**WORK TO BE COMPLETED:**
Below is a listing; print exactly its lines from the one containing "Sawimlgy Girls Sparkle" down to the one containing "Antique 1800s The", both inclusive, with every picture left out.

**DATA FOR THIS EXERCISE:**
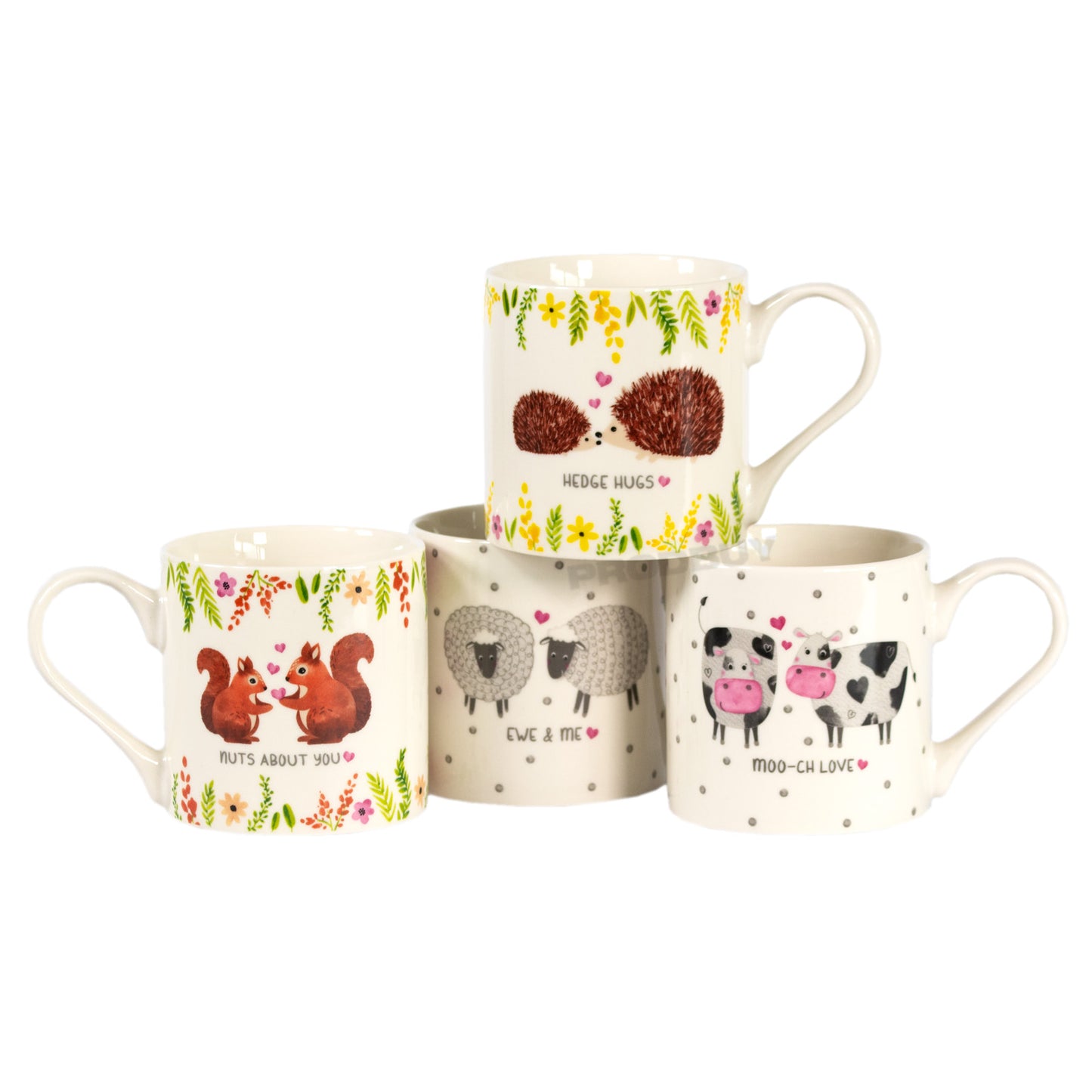 Set of 4 Cute Love Animals New Bone China Mugs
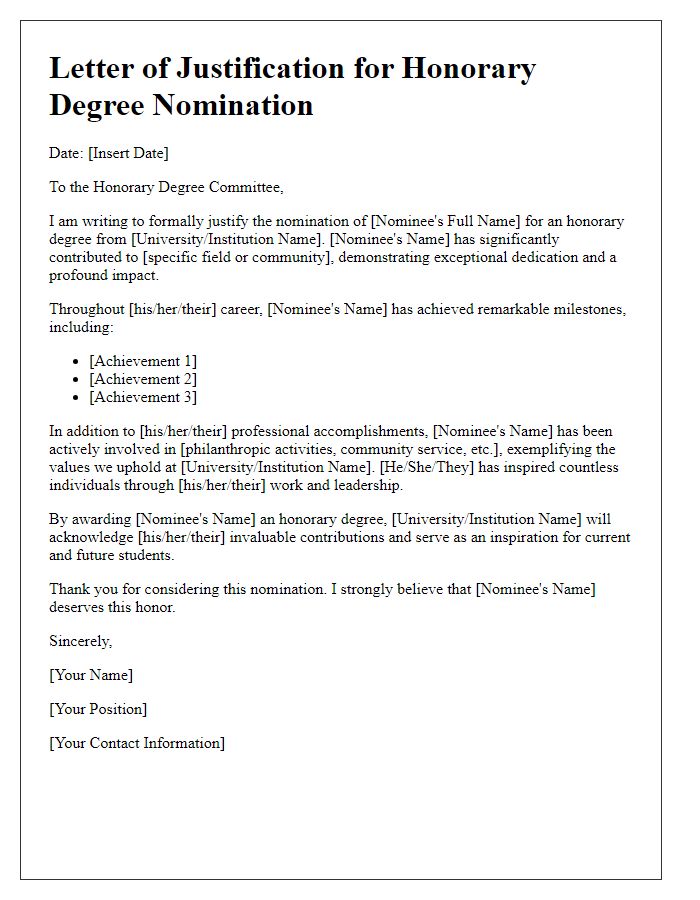 Letter template of justification for honorary degree nomination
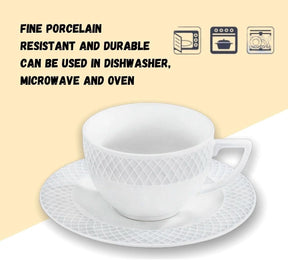Wilmax Tasse mit Untertasse 240 ml Weiß Porzellan 6er Set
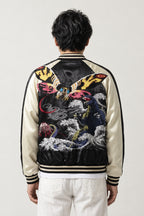 Cream Sleeve Yokosuka Jacket 'Umiwashi' – back view of black and cream sukajan showing the embroidered eagle over waves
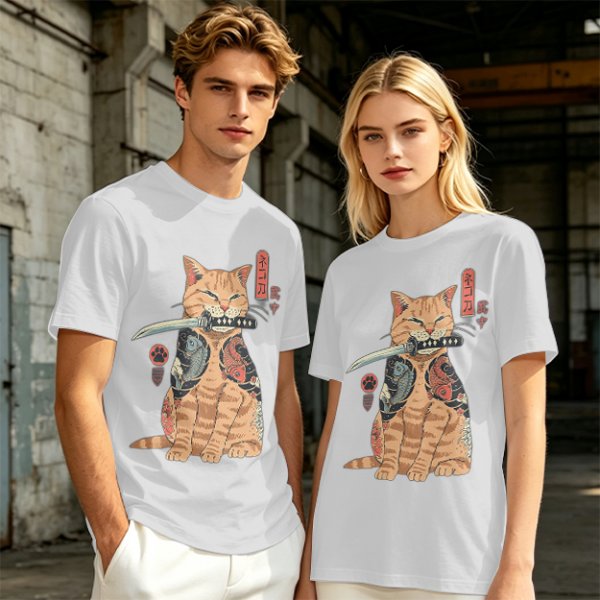 Olive T-Shirt With Samurai Cat Holding Katana And Koi Tattoos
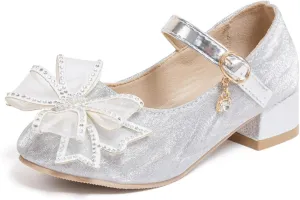 Sawimlgy Girls Sparkle Dress Shoes Toddler Glitter Princess Heels Kids Bows Mary Jane Girl Shoes for Wedding Party Dance Costume Easter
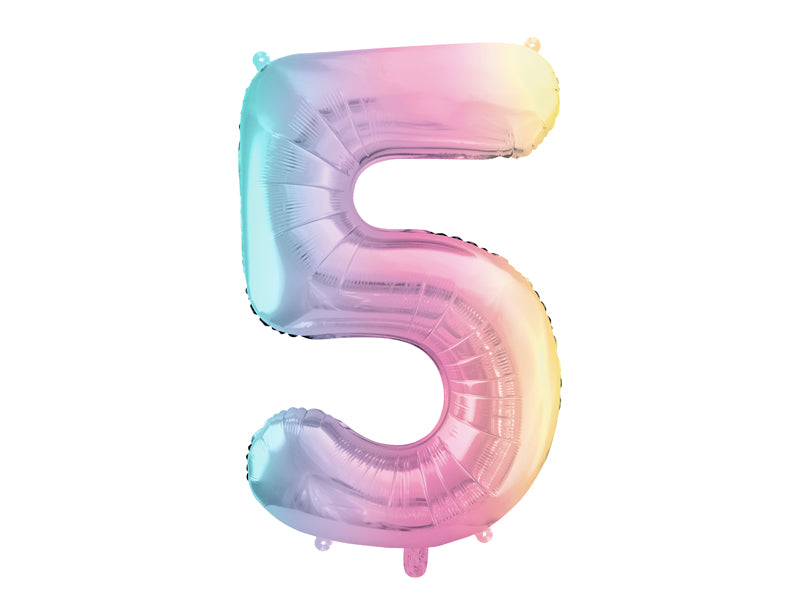 Folie ballon cijfer '5' regenboog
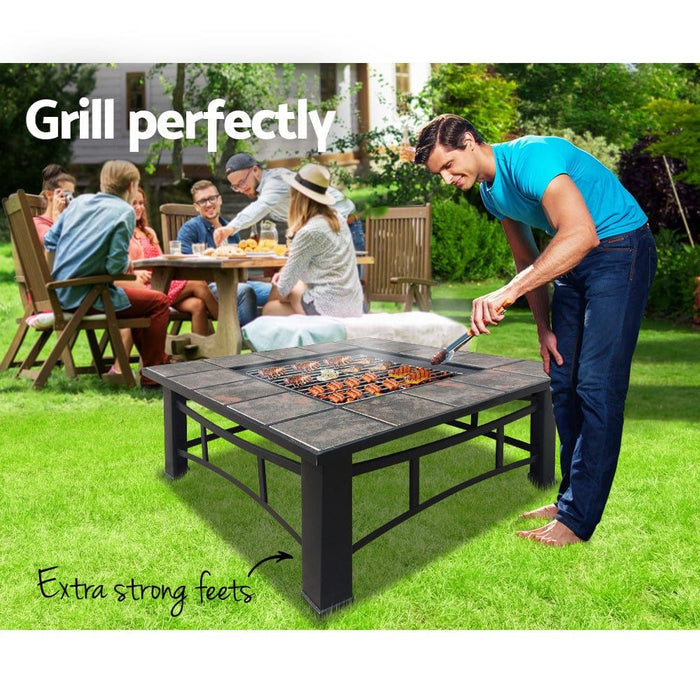 Fire pit grill table top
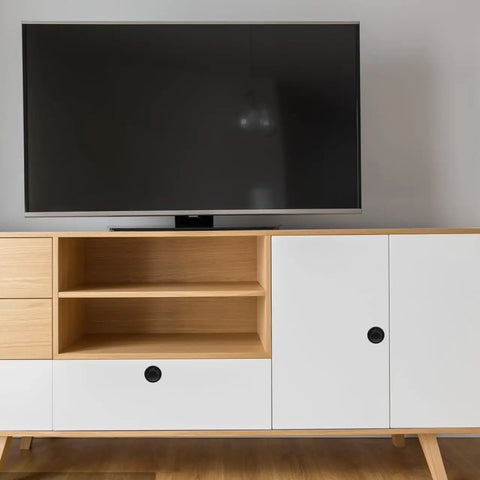 Modern TV stand with Six Pack Embedded Retractable Spring Knobs Zinc Alloy Cabinet Door Pulls Hidden Handle For Cabinets Drawers Dressers Cupboards Perfect For Modern Furniture Renovation And Easy Smooth Grips.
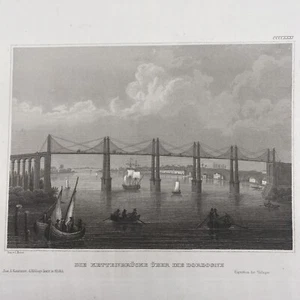 Antique 1800s The Chain Bridge Over The Dordogne Engraving Print - Picture 1 of 5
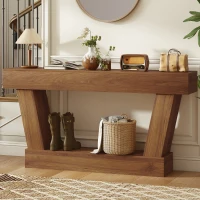 HOMCOM 63 Inch Vintage Console Table, Narrow Entryway Table with Open Shelf for Living Room, Dark Brown(m-8)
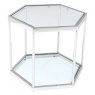 Small Hexagon - Chrome and Glass Table Small Hexagon - Chrome and Glass Table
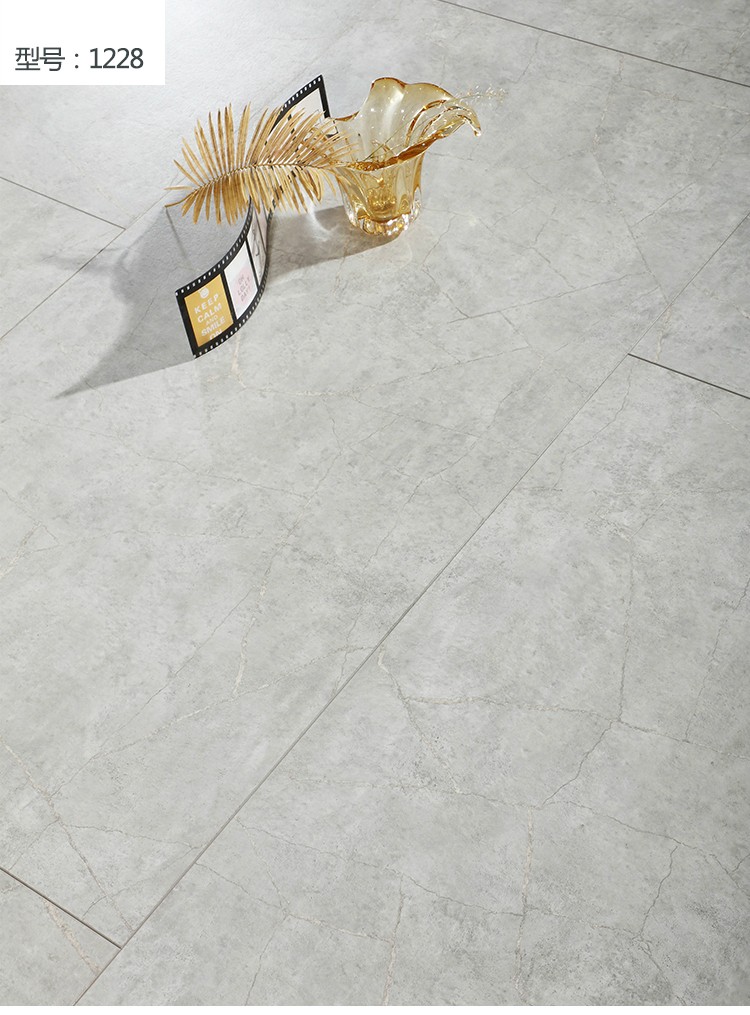 商业空间强化复合地板12mm水磨石纹水泥灰色服装店木地板厂家直销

**ANSWER SECTION:**
 Sawimlgy Girls Sparkle Dress Shoes Toddler Glitter Princess Heels Kids Bows Mary Jane Girl Shoes for Wedding Party Dance Costume Easter
 Folie ballon cijfer '5' regenboog
 Fire pit grill table top
 Modern TV stand with Six Pack Embedded Retractable Spring Knobs Zinc Alloy Cabinet Door Pulls Hidden Handle For Cabinets Drawers Dressers Cupboards Perfect For Modern Furniture Renovation And Easy Smooth Grips.
 Antique 1800s The Chain Bridge Over The Dordogne Engraving Print - Picture 1 of 5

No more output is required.